Die Massenproteste mit hunderttausenden Demonstranten und die Generalstreiks, an denen sich
mehr als eine Million Menschen (Ein Zehntel der Bevölkerung!) beteiligen, sind recht eindrucksvoll. So ist es nicht sonderlich überraschend, dass etwa deutsche Linke sehnsüchtig in den europäischen Süden blicken. Allerdings verrät ein genauer Blick auf die bisherigen Kämpfe die Schwächen und Grenzen. Bisher konnte die konservative Regierung die größeren Proteste und Streiks aussitzen, weil diese als Einzelspektakel keine nachhaltige Wirkung erzielen konnten. Es haben sich bisher wenig dauerhafte und lokal verankerte Netzwerke entwickelt, die längerfristig und stetig den Kampf gegen die neoliberale Politik organisieren.

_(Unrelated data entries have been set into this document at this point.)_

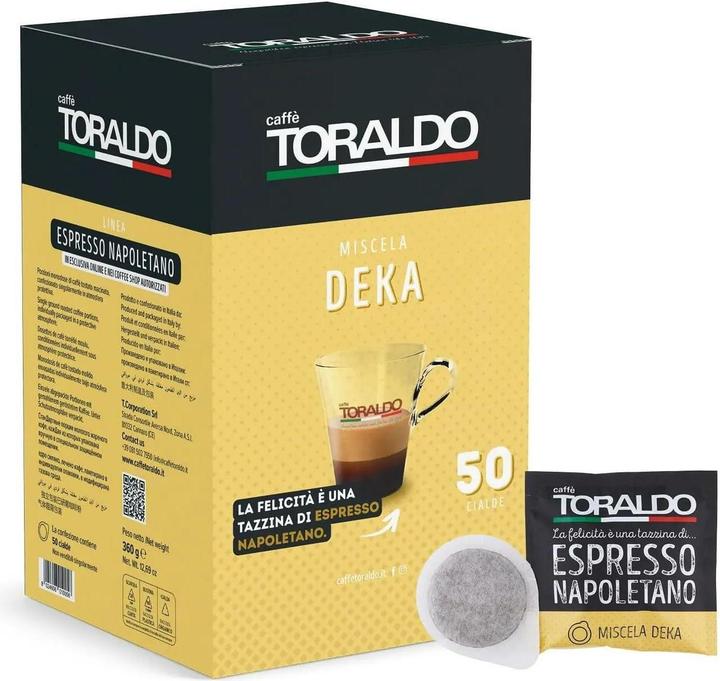 Produktbild Caffè Toraldo Miscela Deka (50 x Port.)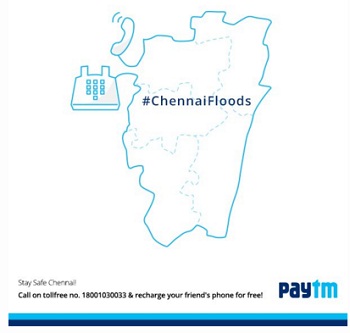 India Desire : Stay Safe Chennai: Recharge Your Friend's Phone For Free From Paytm #ChennaiFloods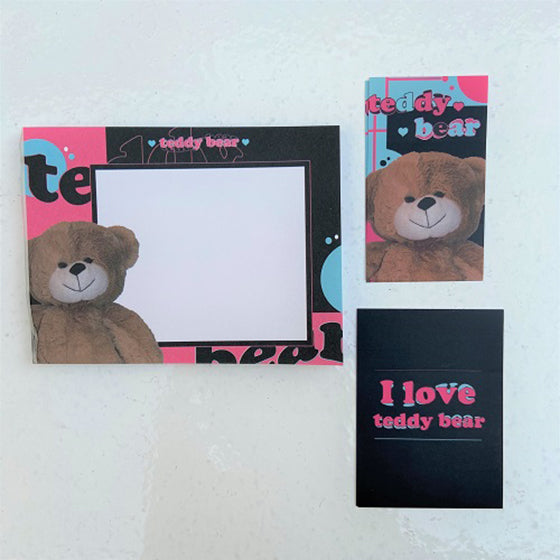 [Kitsch] Dark bear Memo pad and Die cutting Pack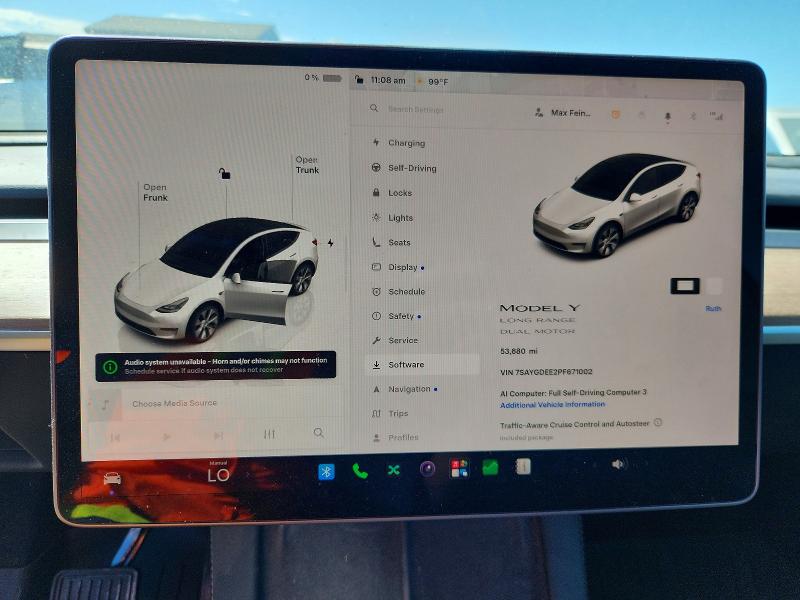 Aukcja sprzedaży 2023 Tesla Model Y, vin: 7SAYGDEE2PF671002, numer aukcji: 68107026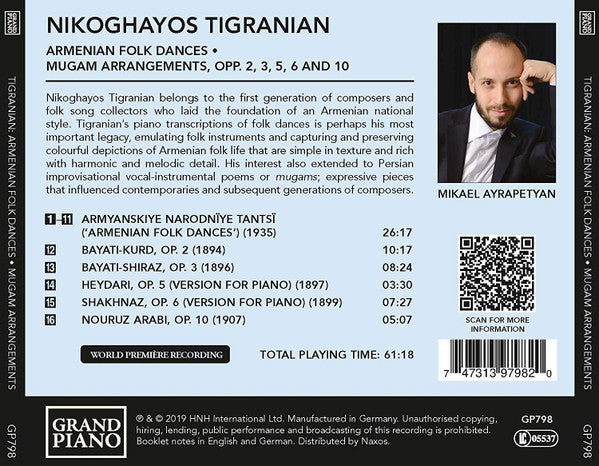 Nikoghaios Tigranian, Mikael Ayrapetyan : Armenian Folk Dances・Mugam Arrangements (CD, Album)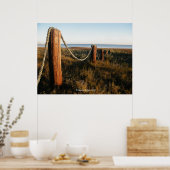 Pier Posts Poster (Keuken)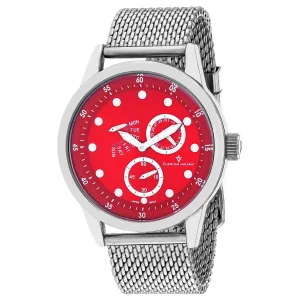 Christian Van Sant Men's Rio Red Dial Watch - CV8716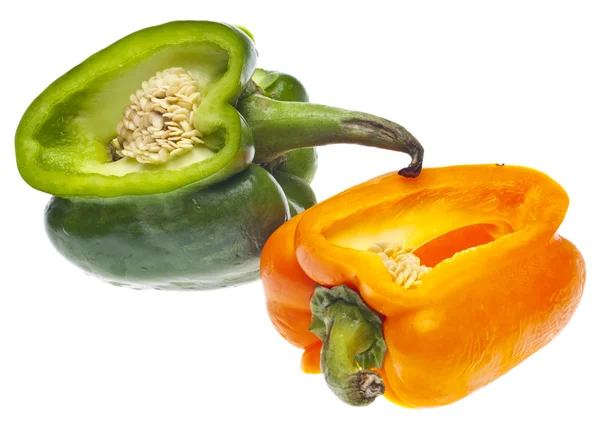 Entwined Bell Peppers — Stock Photo, Image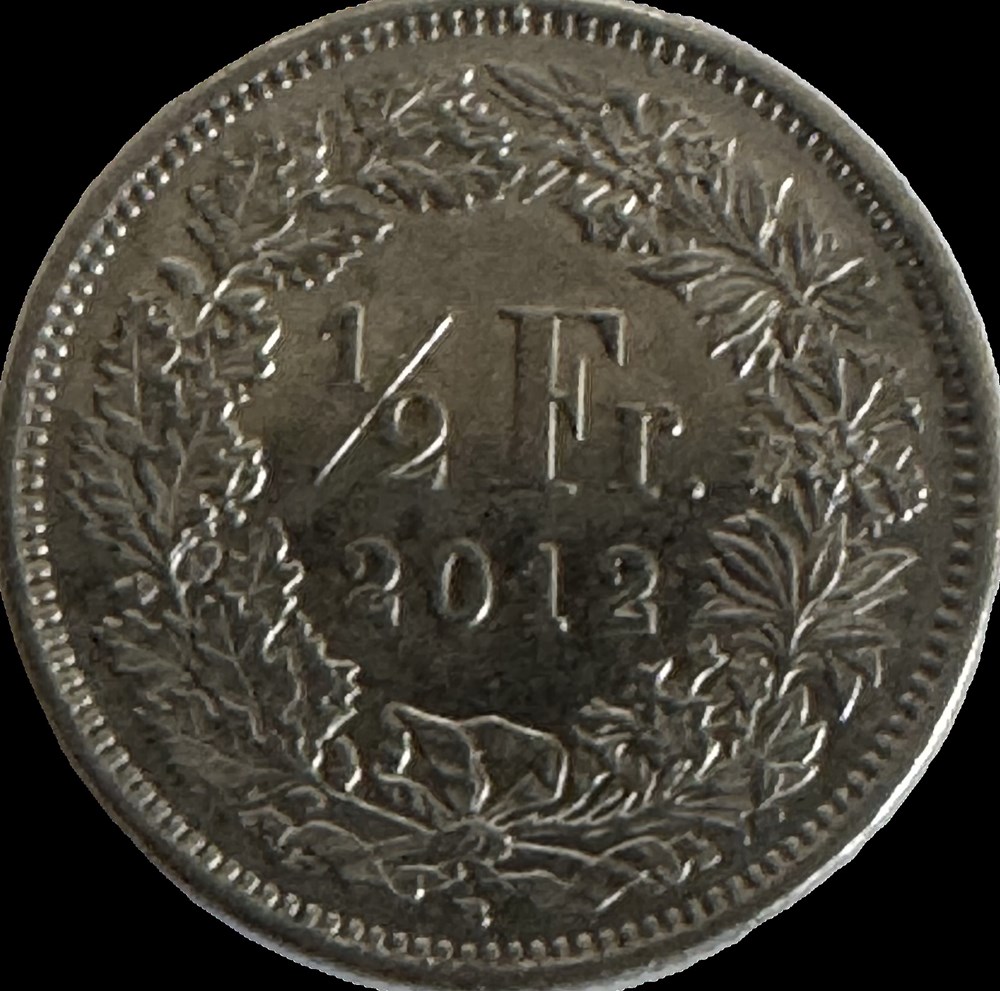 monnaies monde suisse franc helvetia debout cupronickel 2012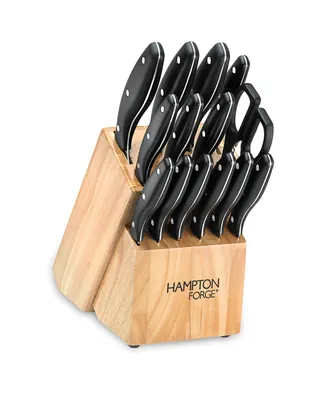 Hampton Forge 15 Piece Rochester Block Cutlery Set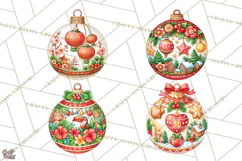 World Christmas Ornaments PNG Clipart Product Image 1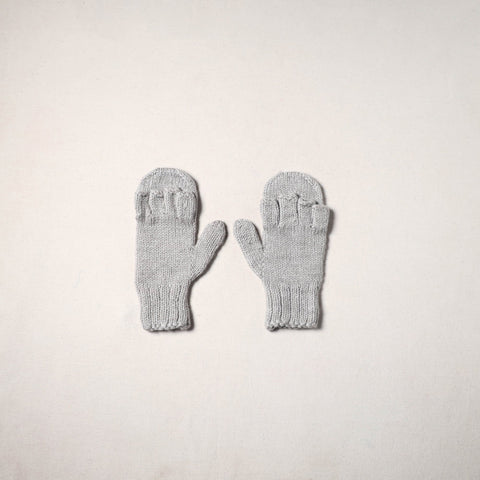 Grey - kullu karishma hand knitted merino wool gloves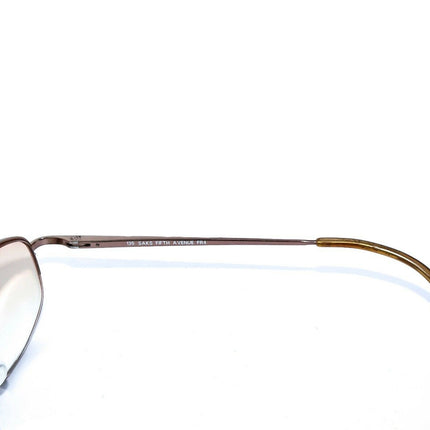 Saks Fifth Avenue Women's Eyeglasses S5A 151 FR4 Copper Rhinestones Half Rim Metal Frame 51[]17 135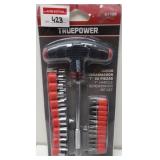TRUE-POWER T-HANDLE SCREWDRIVER BIT SET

Stattdessen dienen die Massenproteste in vielen Fällen zum «Dampf ablassen».
Zwei Aspekte führen dazu, dass die Proteste bisher wenig politische Auswirkung hatten. Zum Ersten wählt eine überwiegende Mehrheit der PortugiesInnen nach wie vor sozialdemokratisch oder konservativ – und damit die Parteien, die für die Fortführung der neoliberalen Politik stehen. Weder die Kommunistische Partei Portugals (PCP) noch der linkssozialdemokratische Bloco de Esquerda (BE) konnte aus der Unzufriedenheit mit der Regierungspolitik Wählerstimmen schöpfen – der BE hat sogar massiv an Wählerstimmen verloren.

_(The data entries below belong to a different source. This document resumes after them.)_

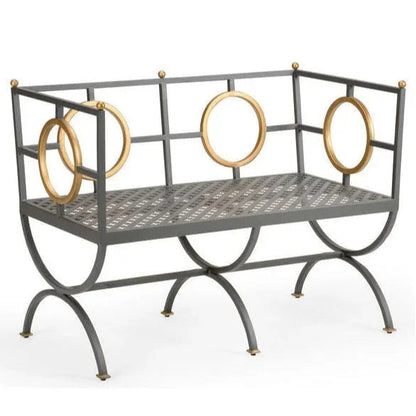 Circle Steel Frame Bedroom Bench - LOOMLAN - Chelsea House - Bedroom Benches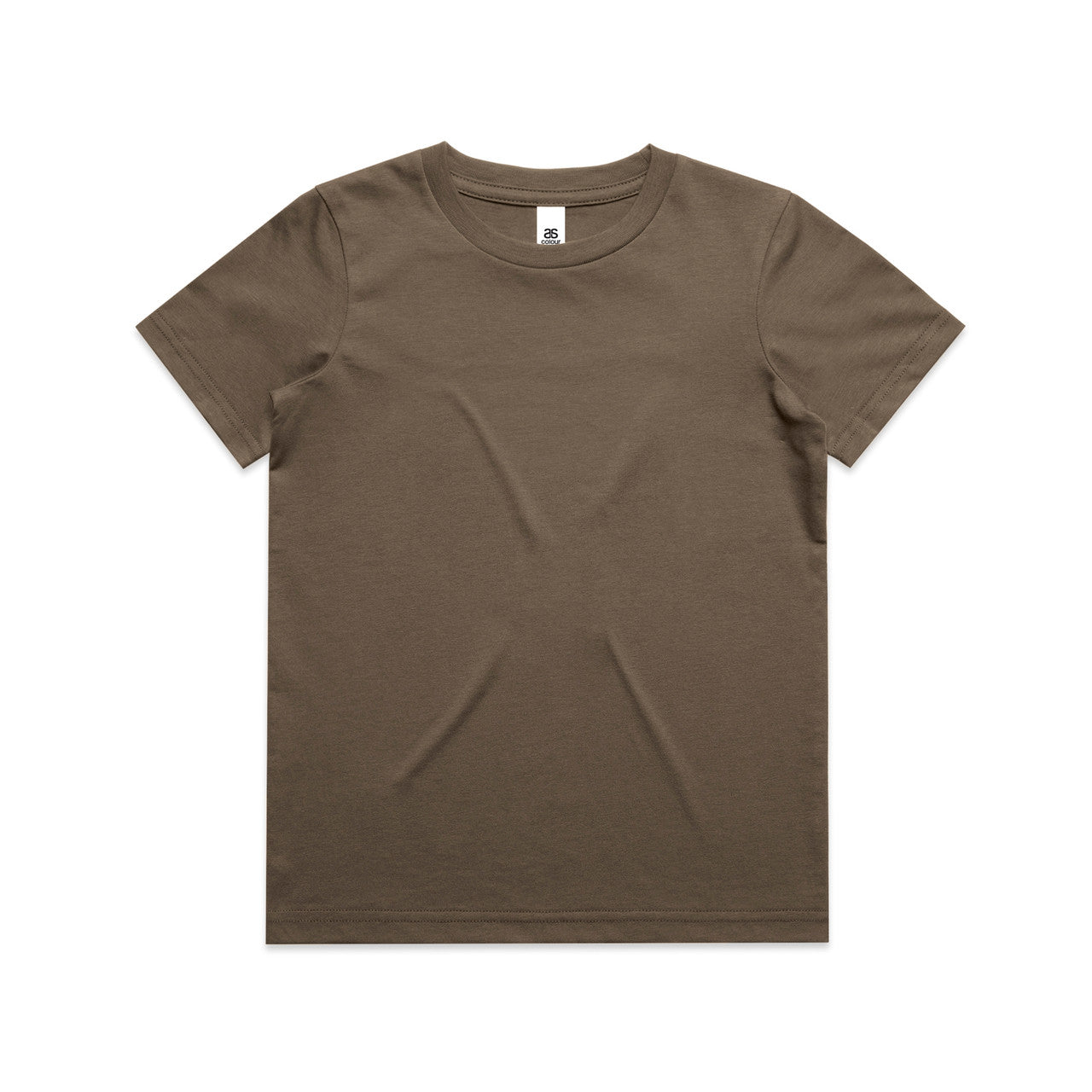 3005 kids staple tee walnut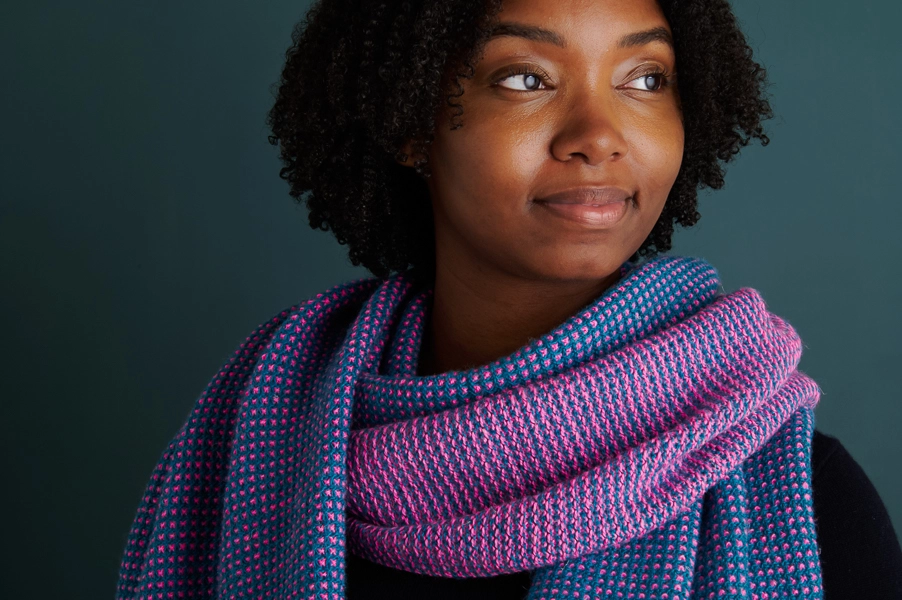 Speckled Wrap in New Yarns + Colors | Purl Soho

Der zweite Aspekt hängt mit den linken Oppositionsparteien PCP und BE selbst zusammen. Beiden Parteien gelingt es – aus unterschiedlichen Gründen – nicht, eine ehrliche und für beide Seiten gute Kooperation mit den Protestbewegungen zu etablieren. Die PCP will (oder kann) ihren Führungsanspruch nicht aufgeben und versucht vielfach die von ihr unabhängigen Aktionen, Vernetzungen und Organisationen auszubooten oder einzuverleiben. Die BE wiederum versucht wiederholt mit der sozialdemokratischen Partei (PS) zu kooperieren, so etwa durch Angebote eine sozialdemokratische Minderheitsregierung zu tolerieren, die ebenfalls ein neoliberales Austeritätsprogramm verfolgte. Solche Angebote der BE führen dazu, dass die Menschen, die derzeit gegen solche Programme protestieren und streiken, wenig Anreize haben, die BE zu wählen oder gar mit ihr zu kooperieren. Der massive Verlust an Wählerstimmen bei den letzten Wahlen dürfte damit zusammenhängen.

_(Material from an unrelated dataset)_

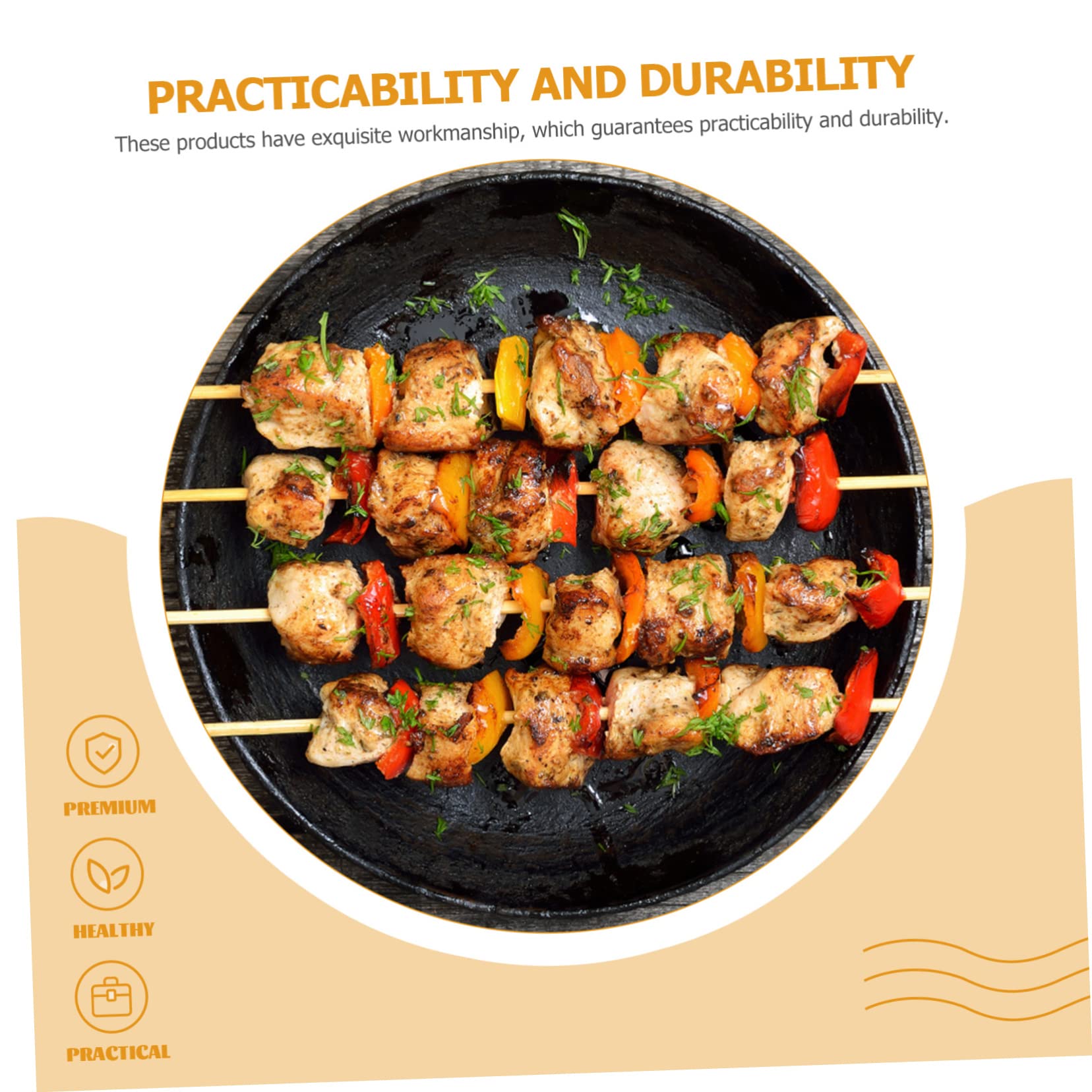 Set di Utensili Barbecue in Acciaio Inox per Campeggio | Clip Multi-funzione, Design Leggero, Accessori per Grigliate All'aperto, Bastoncini Inox, Kit Completo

Derzeit ist nicht abzusehen, ob und wie sich diese Zwickmühle auflöst und die Proteste gegen die neoliberale Krisenpolitik an politischer Bedeutung gewinnen können. Glücklicherweise konnten bisher rechtspopulistische und faschistische Akteure nicht zulegen, wie etwa in Griechenland. Ob dies aber so bleibt, ist offen.